((

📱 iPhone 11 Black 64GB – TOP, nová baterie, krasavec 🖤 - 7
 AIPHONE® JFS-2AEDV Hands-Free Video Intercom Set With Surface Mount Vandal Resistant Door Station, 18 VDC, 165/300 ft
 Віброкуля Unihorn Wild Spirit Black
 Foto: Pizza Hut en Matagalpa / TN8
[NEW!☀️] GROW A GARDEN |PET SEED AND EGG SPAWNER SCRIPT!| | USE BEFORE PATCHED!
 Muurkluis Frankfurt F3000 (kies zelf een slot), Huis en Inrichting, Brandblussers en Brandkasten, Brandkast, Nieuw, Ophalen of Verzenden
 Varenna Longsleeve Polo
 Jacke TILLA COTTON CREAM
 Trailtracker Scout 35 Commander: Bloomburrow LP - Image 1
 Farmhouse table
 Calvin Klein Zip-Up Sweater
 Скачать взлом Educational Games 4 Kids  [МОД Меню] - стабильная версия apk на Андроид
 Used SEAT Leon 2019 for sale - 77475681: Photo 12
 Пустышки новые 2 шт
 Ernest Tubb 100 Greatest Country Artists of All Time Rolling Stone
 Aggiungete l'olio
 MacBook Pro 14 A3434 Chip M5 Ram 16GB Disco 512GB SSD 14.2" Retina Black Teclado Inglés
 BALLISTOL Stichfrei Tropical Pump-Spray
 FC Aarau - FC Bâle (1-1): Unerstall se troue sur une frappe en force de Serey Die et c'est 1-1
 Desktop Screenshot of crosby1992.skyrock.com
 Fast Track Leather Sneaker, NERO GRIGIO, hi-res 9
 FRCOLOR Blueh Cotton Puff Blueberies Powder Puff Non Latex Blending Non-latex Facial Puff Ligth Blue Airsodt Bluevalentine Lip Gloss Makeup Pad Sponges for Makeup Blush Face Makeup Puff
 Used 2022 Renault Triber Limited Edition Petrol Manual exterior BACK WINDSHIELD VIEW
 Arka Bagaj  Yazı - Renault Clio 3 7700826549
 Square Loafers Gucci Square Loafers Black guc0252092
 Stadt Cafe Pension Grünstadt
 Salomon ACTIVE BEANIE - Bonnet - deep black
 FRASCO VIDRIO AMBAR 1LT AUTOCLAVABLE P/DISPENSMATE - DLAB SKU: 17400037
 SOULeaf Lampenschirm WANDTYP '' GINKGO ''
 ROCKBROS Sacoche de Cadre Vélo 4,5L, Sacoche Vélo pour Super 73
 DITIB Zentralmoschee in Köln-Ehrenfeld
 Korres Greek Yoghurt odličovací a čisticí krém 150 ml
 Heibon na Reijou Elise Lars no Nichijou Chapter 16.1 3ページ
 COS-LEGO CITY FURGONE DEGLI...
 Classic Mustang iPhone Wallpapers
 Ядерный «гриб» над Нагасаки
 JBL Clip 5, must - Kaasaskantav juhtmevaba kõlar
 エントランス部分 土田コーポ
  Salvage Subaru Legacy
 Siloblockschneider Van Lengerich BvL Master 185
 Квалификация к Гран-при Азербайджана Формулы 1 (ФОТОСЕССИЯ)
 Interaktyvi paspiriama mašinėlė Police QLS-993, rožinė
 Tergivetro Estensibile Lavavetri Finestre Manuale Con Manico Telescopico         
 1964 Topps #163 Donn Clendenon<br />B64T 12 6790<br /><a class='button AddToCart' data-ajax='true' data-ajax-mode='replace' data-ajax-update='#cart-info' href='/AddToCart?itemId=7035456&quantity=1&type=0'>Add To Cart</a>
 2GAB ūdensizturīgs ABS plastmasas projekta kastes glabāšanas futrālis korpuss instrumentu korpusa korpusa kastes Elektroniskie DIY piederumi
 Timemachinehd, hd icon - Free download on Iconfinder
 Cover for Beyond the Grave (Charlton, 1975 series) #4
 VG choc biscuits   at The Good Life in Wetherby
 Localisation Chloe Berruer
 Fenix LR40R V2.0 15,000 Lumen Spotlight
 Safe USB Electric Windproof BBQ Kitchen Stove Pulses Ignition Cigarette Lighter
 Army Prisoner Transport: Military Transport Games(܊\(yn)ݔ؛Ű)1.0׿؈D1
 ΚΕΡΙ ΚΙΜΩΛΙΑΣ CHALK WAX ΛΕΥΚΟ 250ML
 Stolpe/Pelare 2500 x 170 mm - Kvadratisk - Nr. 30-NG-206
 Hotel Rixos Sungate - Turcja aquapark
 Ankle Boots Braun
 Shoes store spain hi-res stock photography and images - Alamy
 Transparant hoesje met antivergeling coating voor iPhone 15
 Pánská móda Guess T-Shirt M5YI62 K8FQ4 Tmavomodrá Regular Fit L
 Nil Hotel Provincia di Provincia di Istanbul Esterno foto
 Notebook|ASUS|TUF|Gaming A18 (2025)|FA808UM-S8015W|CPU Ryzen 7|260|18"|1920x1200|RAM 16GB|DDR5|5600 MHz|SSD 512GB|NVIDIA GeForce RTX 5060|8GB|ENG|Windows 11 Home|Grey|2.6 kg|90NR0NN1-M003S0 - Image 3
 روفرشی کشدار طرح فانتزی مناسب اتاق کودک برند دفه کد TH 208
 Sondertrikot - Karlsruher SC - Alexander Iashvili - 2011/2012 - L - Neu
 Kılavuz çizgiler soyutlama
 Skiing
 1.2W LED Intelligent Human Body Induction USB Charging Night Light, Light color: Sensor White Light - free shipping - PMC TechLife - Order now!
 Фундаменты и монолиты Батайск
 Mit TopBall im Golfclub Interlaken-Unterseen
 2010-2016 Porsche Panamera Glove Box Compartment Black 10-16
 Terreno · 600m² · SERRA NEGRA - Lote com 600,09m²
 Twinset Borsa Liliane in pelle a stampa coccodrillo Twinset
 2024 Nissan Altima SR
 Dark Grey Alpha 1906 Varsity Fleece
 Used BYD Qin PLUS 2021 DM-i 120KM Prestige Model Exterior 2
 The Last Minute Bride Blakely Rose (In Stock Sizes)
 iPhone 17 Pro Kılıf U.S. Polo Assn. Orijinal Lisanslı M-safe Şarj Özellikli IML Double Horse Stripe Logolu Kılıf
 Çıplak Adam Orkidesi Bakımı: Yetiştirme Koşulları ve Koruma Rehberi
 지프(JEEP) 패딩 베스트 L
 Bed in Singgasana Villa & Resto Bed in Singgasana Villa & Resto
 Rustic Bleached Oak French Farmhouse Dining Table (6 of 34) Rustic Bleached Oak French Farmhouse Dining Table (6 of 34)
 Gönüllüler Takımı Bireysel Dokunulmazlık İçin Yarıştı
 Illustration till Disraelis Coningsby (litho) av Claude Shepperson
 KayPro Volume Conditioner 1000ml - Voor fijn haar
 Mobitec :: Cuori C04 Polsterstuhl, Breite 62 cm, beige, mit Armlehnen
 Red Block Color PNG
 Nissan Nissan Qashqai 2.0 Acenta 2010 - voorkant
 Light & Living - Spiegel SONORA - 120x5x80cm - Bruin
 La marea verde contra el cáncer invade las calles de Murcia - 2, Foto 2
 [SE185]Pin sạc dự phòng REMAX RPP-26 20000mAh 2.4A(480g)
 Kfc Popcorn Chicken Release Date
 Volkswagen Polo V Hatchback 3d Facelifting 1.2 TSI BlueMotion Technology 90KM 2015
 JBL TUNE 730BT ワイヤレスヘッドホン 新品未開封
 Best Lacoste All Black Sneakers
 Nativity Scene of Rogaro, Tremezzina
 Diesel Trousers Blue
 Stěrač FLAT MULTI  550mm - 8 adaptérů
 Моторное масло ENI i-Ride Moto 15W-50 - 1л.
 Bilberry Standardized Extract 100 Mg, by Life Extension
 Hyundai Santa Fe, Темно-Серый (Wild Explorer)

))

TASK TO CARRY OUT —
Looking at the records above, return exactly the lines from the line with "FC Aarau - FC" to the line with "Siloblockschneider Van Lengerich", both ends included.

SOLUTION FOR THIS TASK —
 FC Aarau - FC Bâle (1-1): Unerstall se troue sur une frappe en force de Serey Die et c'est 1-1
 Desktop Screenshot of crosby1992.skyrock.com
 Fast Track Leather Sneaker, NERO GRIGIO, hi-res 9
 FRCOLOR Blueh Cotton Puff Blueberies Powder Puff Non Latex Blending Non-latex Facial Puff Ligth Blue Airsodt Bluevalentine Lip Gloss Makeup Pad Sponges for Makeup Blush Face Makeup Puff
 Used 2022 Renault Triber Limited Edition Petrol Manual exterior BACK WINDSHIELD VIEW
 Arka Bagaj  Yazı - Renault Clio 3 7700826549
 Square Loafers Gucci Square Loafers Black guc0252092
 Stadt Cafe Pension Grünstadt
 Salomon ACTIVE BEANIE - Bonnet - deep black
 FRASCO VIDRIO AMBAR 1LT AUTOCLAVABLE P/DISPENSMATE - DLAB SKU: 17400037
 SOULeaf Lampenschirm WANDTYP '' GINKGO ''
 ROCKBROS Sacoche de Cadre Vélo 4,5L, Sacoche Vélo pour Super 73
 DITIB Zentralmoschee in Köln-Ehrenfeld
 Korres Greek Yoghurt odličovací a čisticí krém 150 ml
 Heibon na Reijou Elise Lars no Nichijou Chapter 16.1 3ページ
 COS-LEGO CITY FURGONE DEGLI...
 Classic Mustang iPhone Wallpapers
 Ядерный «гриб» над Нагасаки
 JBL Clip 5, must - Kaasaskantav juhtmevaba kõlar
 エントランス部分 土田コーポ
  Salvage Subaru Legacy
 Siloblockschneider Van Lengerich BvL Master 185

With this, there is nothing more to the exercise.